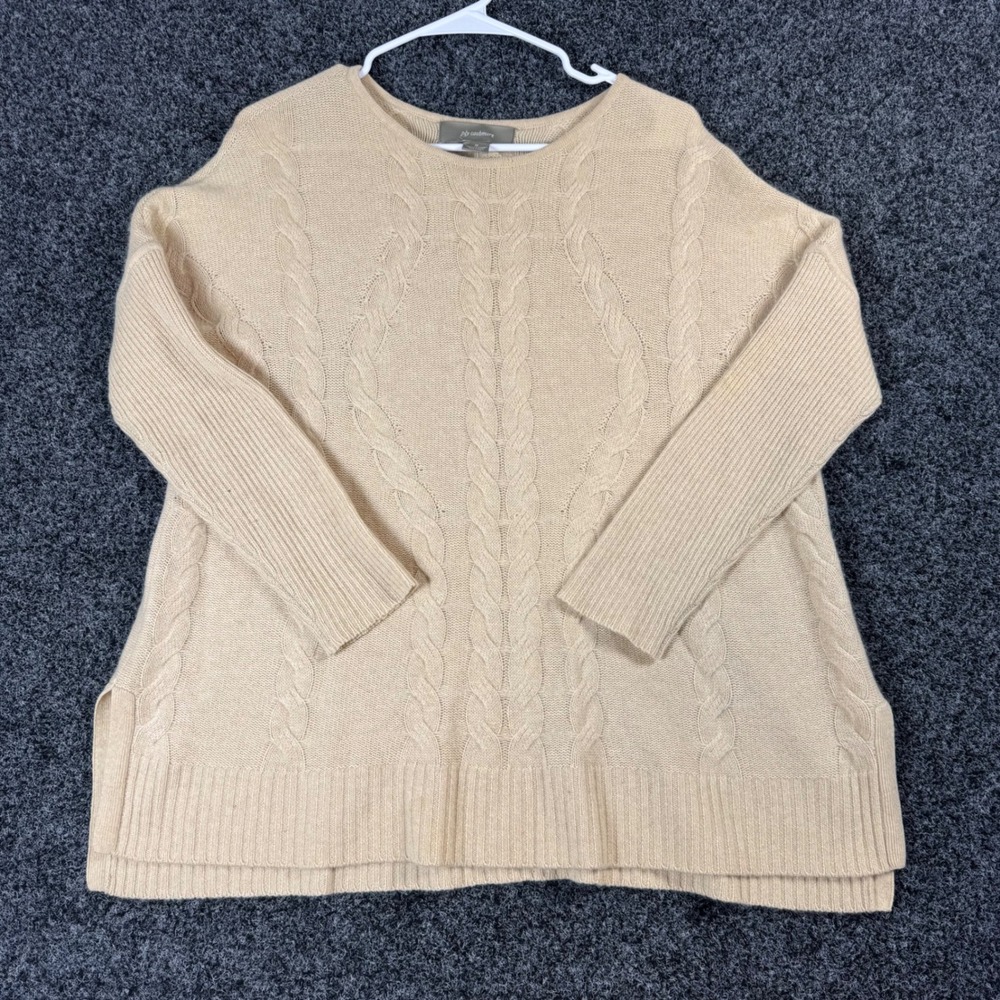 ply cashmere women's beige cable knit‎ sweater size m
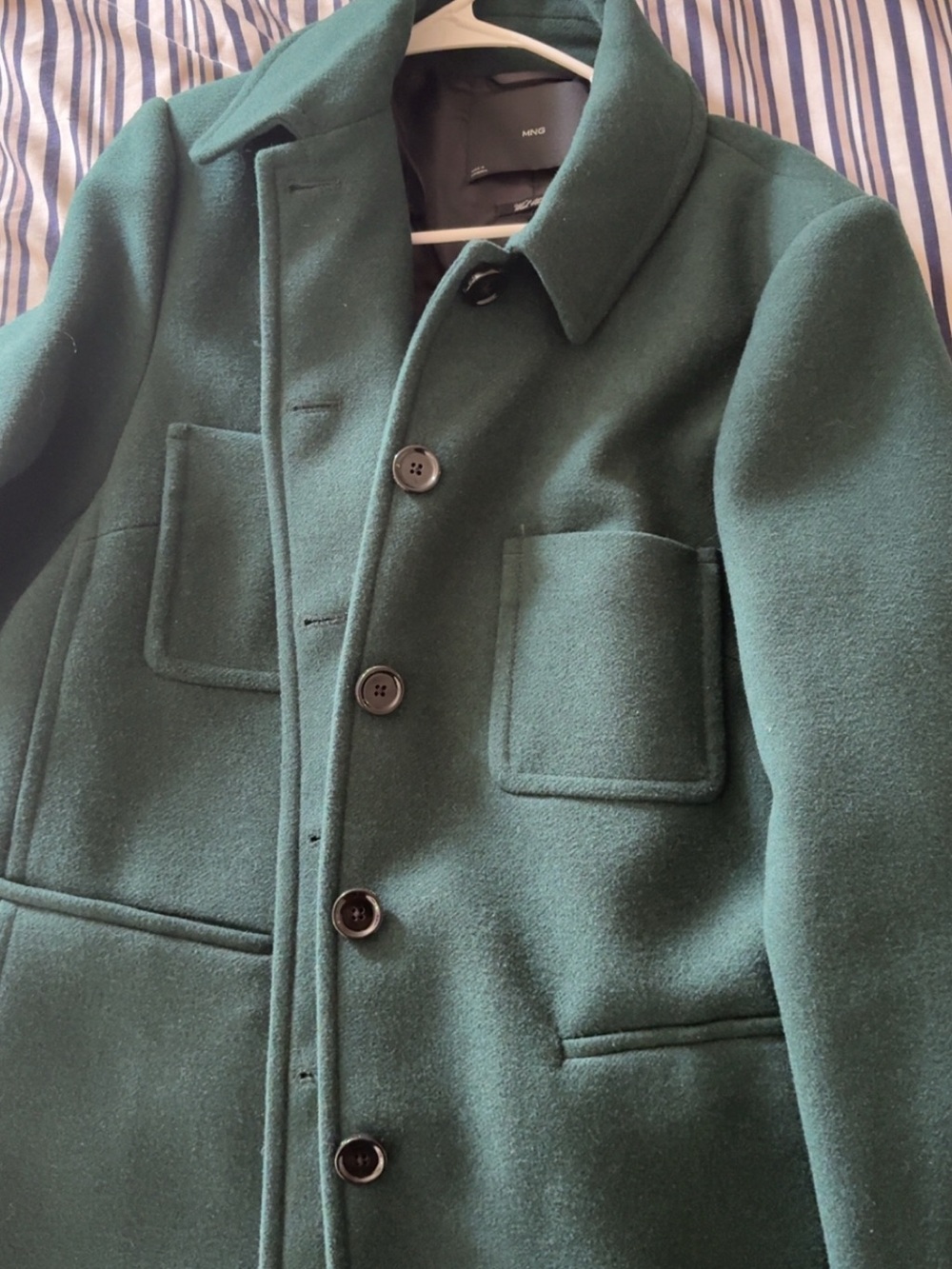 Mango Forest Green Wool Pea Coat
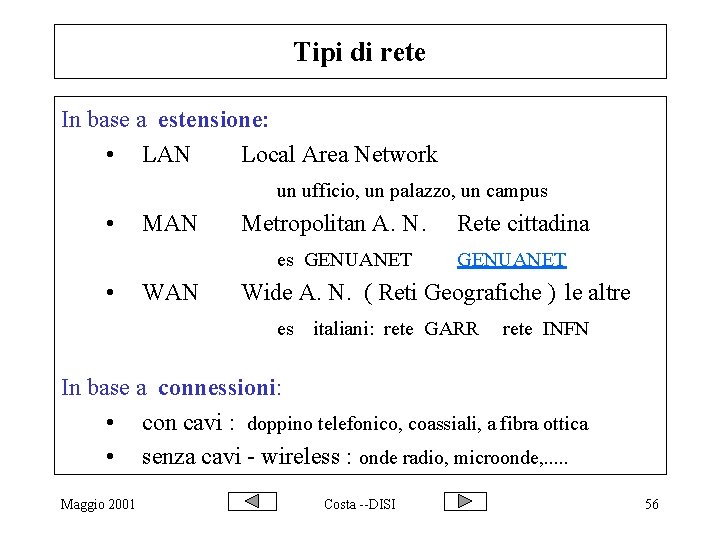 Tipi di rete In base a estensione: • LAN Local Area Network un ufficio,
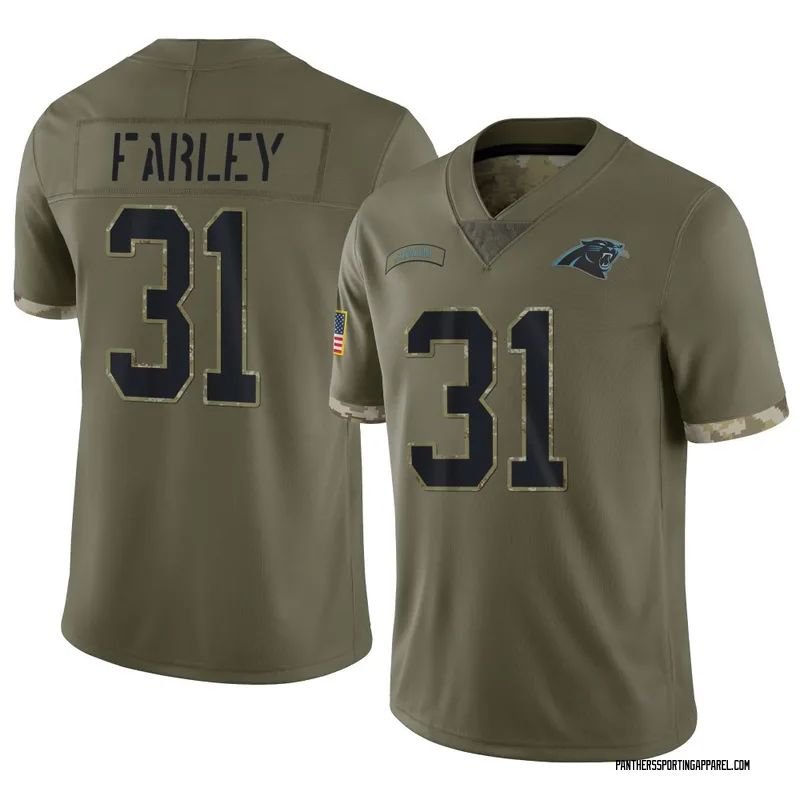 Youth Nike Carolina Panthers Caleb Farley Olive 2022 Salute To Service Jersey - Limited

● TASK TO CARRY OUT: Each line above gets copied exactly; leave the pictures out.

● FINAL ANSWER:
 ply cashmere women's beige cable knit‎ sweater size m
 Mango Forest Green Wool Pea Coat
 Tipi di rete In base a estensione: • LAN Local Area Network un ufficio,
 Youth Nike Carolina Panthers Caleb Farley Olive 2022 Salute To Service Jersey - Limited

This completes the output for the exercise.